Sprigge found religion in the Absolute, but religion stripped of mythology, superstition and intolerance. Late in life he became a member of the Unitarian Church, first in Edinburgh and then in Brighton, near his home in Lewes. Here he seemed to have found some sort of spiritual community among heterodox theists who sought a less dogmatic form of religious belief. He re-wrote the Lord's Prayer along Spinozistic lines while believing that it was pointless to pray to a God that was identical to the universe and could not alter the course of time that was already fixed. In his final illness, he requested that no animal parts be used in a heart valve operation. 
One is reminded of George Bernard Shaw who said that his will should contain directions for his funeral: his coffin was to be followed not by mourning coaches, but by herds of oxen, sheep, swine, flocks of poultry, and a small travelling aquarium of live fish, all wearing white scarves in honor of the man who perished rather than eat his fellow creatures.

Final Assessment


Idealism is much less an option today than it was in the nineteenth century because of its association with universal, absolute religious principles and totalitarian, imperialistic political ideas. The decline of such thinking, especially in England, was also marked by the skepticism generated after the senseless carnage of World War I. For Sprigge, all of this was irrelevant to his quest for a satisfactory metaphysics.
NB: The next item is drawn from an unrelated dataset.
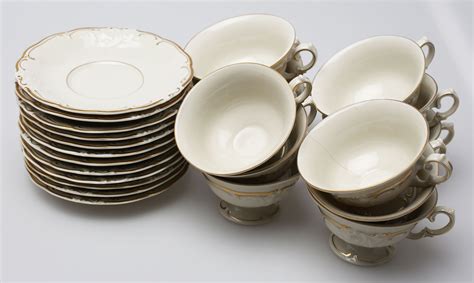 Images For Food And Coffee Service Parts Parts Porcelain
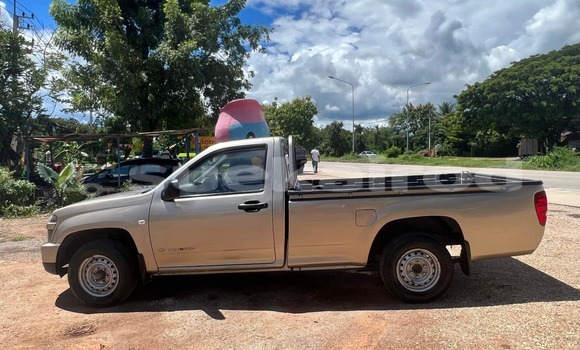 ซื้อ รถมือสอง Toyota Hilux อื่น ๆ รถยนต์ ใน %{เมือง} ใน กรุงเทพมหานคร ซื้อ รถมือสอง Toyota Hilux อื่น ๆ รถยนต์ ใน %{เมือง} ใน กรุงเทพมหานคร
Today, the idealistic doctrines are generally regarded as historically interesting but philosophically inconsequential. Idealism is largely viewed as implausible because of its disregard for the physical and biological sciences. Sprigge could rightly be accused of sidestepping science in his attempt to arrive at first principles, and he was well aware that his ignorance of science was a shortcoming of his philosophy. How far metaphysical thinking could get at first principles without the aid of detailed empirical studies was a great source of concern. He admired Spinoza and Whitehead for their scientifically informed metaphysics.

Moreover, while Sprigge followed Bradley and Royce in defending the sharp distinction between appearance and reality, or between the investigations of structural phenomena undertaken by physical science and those of introspective psychology, it is unlikely that physicists, chemists and biologists see themselves as engaged in anything less than a quest to know reality. Scientists do not see themselves as investigating what is merely abstract or phenomenal but rather an underlying reality. 
As far as the critiques of Bertrand Russell, G. E. Moore and Alfred Ayer are concerned, the charge that metaphysical construction is a sort of Hegelian megalomania has not quite the force it had in the first half of the 1900s. The anti-metaphysical, linguistic methodologies ran their course and eventually faced fatigue, but the idea that idealism could serve as a metaphysical foundation for any system adequate for the sciences is upheld by relatively few. 
Sprigge's contribution to philosophy is difficult to access given the neglect of his fellow countrymen. He is more widely appreciated in the United States as an interpreter of classical American philosophy, especially James, Royce and Santayana, and in the European continent as a scholar of Spinoza and Bradley. What is little understood is the highly original manner in which he constructed his own system of metaphysics, which contains a penetrating and insightful grasp of consciousness and the upshot of this for moral behavior. While Sprigge's philosophy might seem oddly out of place in history, it has enduring value for the manner in which he challenges our common sense views of mind, matter, time and our treatment of non-human animals. On this last point, his ethics is clearly in sync with a progressive movement that aims to reverse the disastrous course that has resulted from viewing the world as mere matter in motion.


This is an edited version of the paper presented to the Philosophical Society's 2009 Conference in honour of the British philosopher, Timothy Sprigge.